Open berntpopp opened 2 months ago

berntpopp commented 2 months ago

Description: Extend the existing mechanism for reusing indices based on md5sums to also reuse spliced alignment information. By calculating and storing the md5sums of the plasmid and reference files, the pipeline can determine if the spliced alignment has already been performed for a given combination and reuse the existing output. This will save computational resources and time, especially for large datasets.

Tasks:

Benefits:

Related Issues:

berntpopp commented 2 months ago

Summary of the Implementation Plan:

  1. MD5 Checksum Mechanism:

    • Implement a mechanism to calculate and store MD5 checksums for files involved in the pipeline (e.g., plasmid FASTA files, indices, spliced alignments).
    • Store these checksums in a md5sum.txt file within the relevant folders to enable checking for existing results before recalculating.
  2. Reuse of Intermediate Files:

    • Extend the pipeline to reuse existing intermediate files (such as indices and spliced alignments) based on the stored MD5 checksums. This helps to avoid redundant computations, improving efficiency.
    • Intermediate files should be stored in a dedicated intermediate subfolder within the plasmid input directory. This ensures they can be reused across different runs.
  3. File Naming and Uniqueness:

    • To avoid conflicts, all intermediate files should be named based on the base names of the relevant input files (human genome, plasmid, sequencing files). This ensures that files are unique to the specific combination of inputs.
    • Update the pipeline to use this naming convention consistently for spliced alignments, indices, and other intermediate files.
  4. Avoid Redundant MD5 Calculations:

    • Skip the MD5 checksum calculation for large files like the human reference genome to avoid performance bottlenecks, as these files are unlikely to change between runs.
  5. Copying Files to Output Folder:

    • Ensure that copies of the relevant intermediate files are saved in the output folder for the current run. This makes it easier to access these files later if needed for debugging or further analysis.

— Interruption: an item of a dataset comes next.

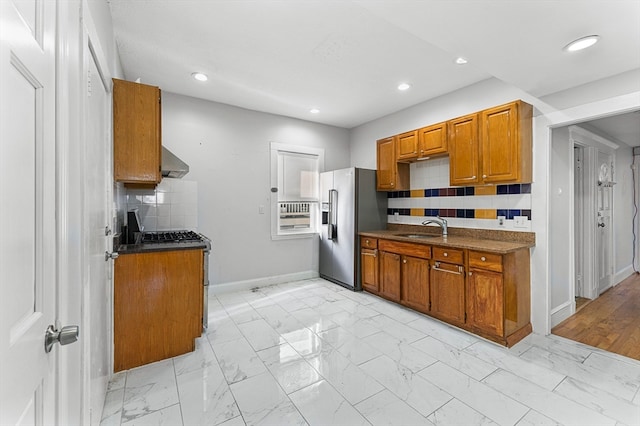 kitchen with appliances with stainless steel finishes, sink, tasteful backsplash, and exhaust hood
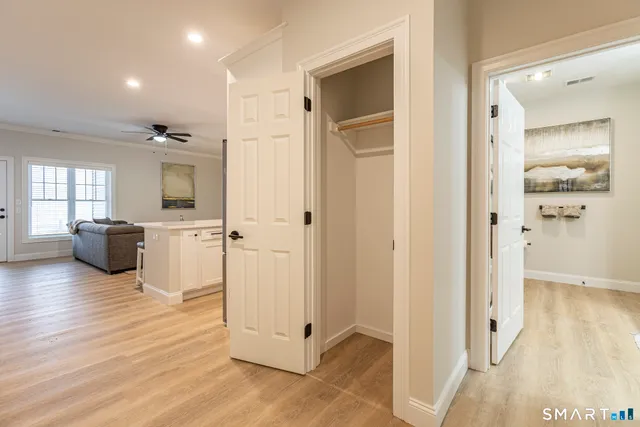a view of a hallway with wooden floor and a living room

Comments on the Current Code:

  1. Pipeline Functionality:

    • The run_pipeline function now supports the reuse of intermediate files based on MD5 checksums. However, ensure that the checksums are stored and retrieved correctly for each run to maintain efficiency.
    • The plasmid_intermediate_folder is correctly used to store intermediate files, but care should be taken to avoid overwriting files unless explicitly requested.
  2. Utils Functionality:

    • The utility functions in utils.py (such as calculate_md5, write_md5sum, load_md5sum, and check_md5sum) provide the foundation for the MD5-based reuse mechanism. Ensure these functions are well-tested and handle edge cases, such as missing or corrupted files.
    • The copy_file_to_folder function ensures that intermediate files are copied to the output directory. This is essential for debugging and downstream analyses.
  3. File Naming:

    • The current implementation in run_pipeline.py uses a combination of the human reference, plasmid, and sequencing file base names to generate unique file names. This approach should work well to avoid file conflicts.

Next Steps:

  1. Testing:

    • Thoroughly test the pipeline with different combinations of inputs to ensure that the MD5-based reuse mechanism is functioning correctly. Pay attention to cases where intermediate files might be incorrectly reused or overwritten.
  2. Performance Optimization:

    • Profile the pipeline to identify any remaining bottlenecks, particularly in the handling of large files. Consider further optimizations if needed.
  3. Documentation:

    • Update the documentation to clearly explain how the MD5-based reuse mechanism works, including any caveats or limitations. Provide examples of how users can configure and run the pipeline with the new features.
  4. Feedback and Iteration:

    • Share the updated implementation with collaborators or users to gather feedback. Be prepared to make adjustments based on their experiences and suggestions.